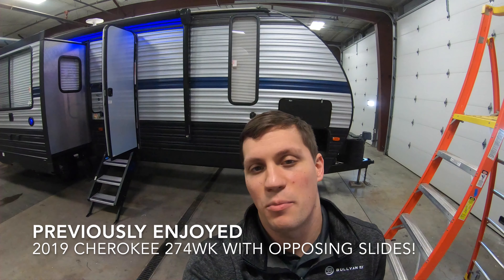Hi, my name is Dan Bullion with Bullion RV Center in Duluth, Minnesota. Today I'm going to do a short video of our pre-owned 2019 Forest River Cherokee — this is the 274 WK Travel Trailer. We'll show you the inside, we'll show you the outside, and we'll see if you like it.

...

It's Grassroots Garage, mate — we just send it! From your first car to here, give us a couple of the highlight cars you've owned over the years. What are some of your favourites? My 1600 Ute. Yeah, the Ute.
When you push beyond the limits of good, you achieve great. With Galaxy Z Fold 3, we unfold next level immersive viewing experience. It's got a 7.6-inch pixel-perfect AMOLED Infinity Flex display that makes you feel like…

* * *

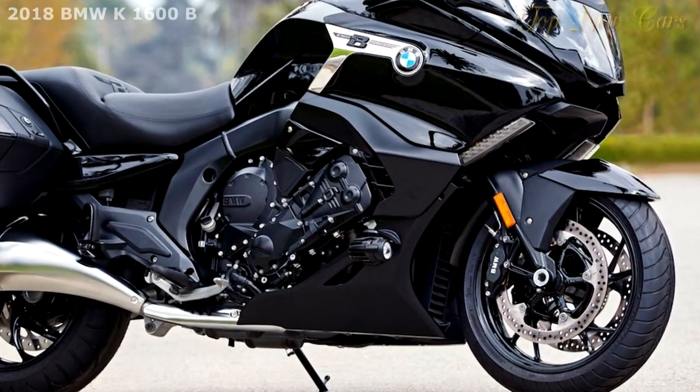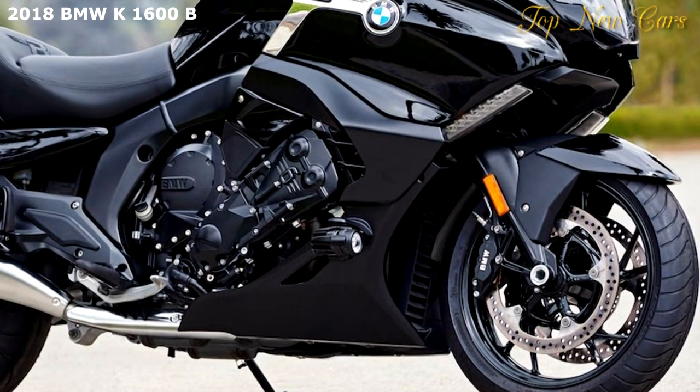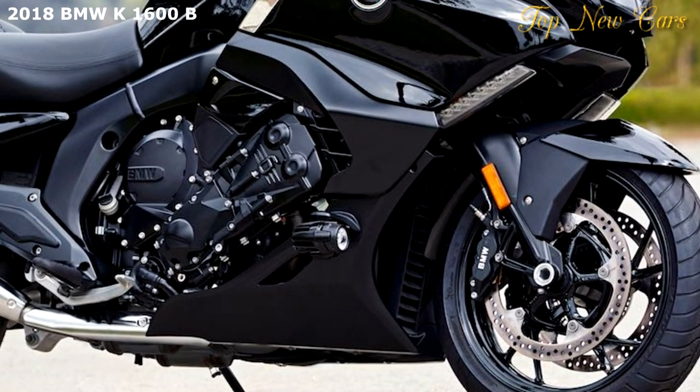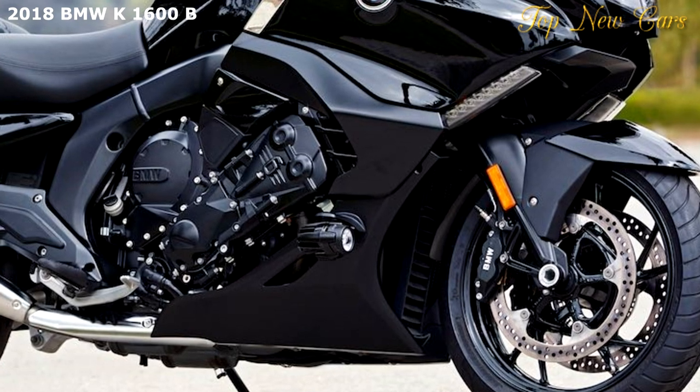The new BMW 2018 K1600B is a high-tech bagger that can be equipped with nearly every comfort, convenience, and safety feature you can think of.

• **TASK GOAL**
Return exactly, and only, the lines above starting at the line that contains "It's Grassroots Garage, mate" and ending at the line that contains "When you push".

• **PROBLEM SOLUTION**
It's Grassroots Garage, mate — we just send it! From your first car to here, give us a couple of the highlight cars you've owned over the years. What are some of your favourites? My 1600 Ute. Yeah, the Ute.
When you push beyond the limits of good, you achieve great. With Galaxy Z Fold 3, we unfold next level immersive viewing experience. It's got a 7.6-inch pixel-perfect AMOLED Infinity Flex display that makes you feel like…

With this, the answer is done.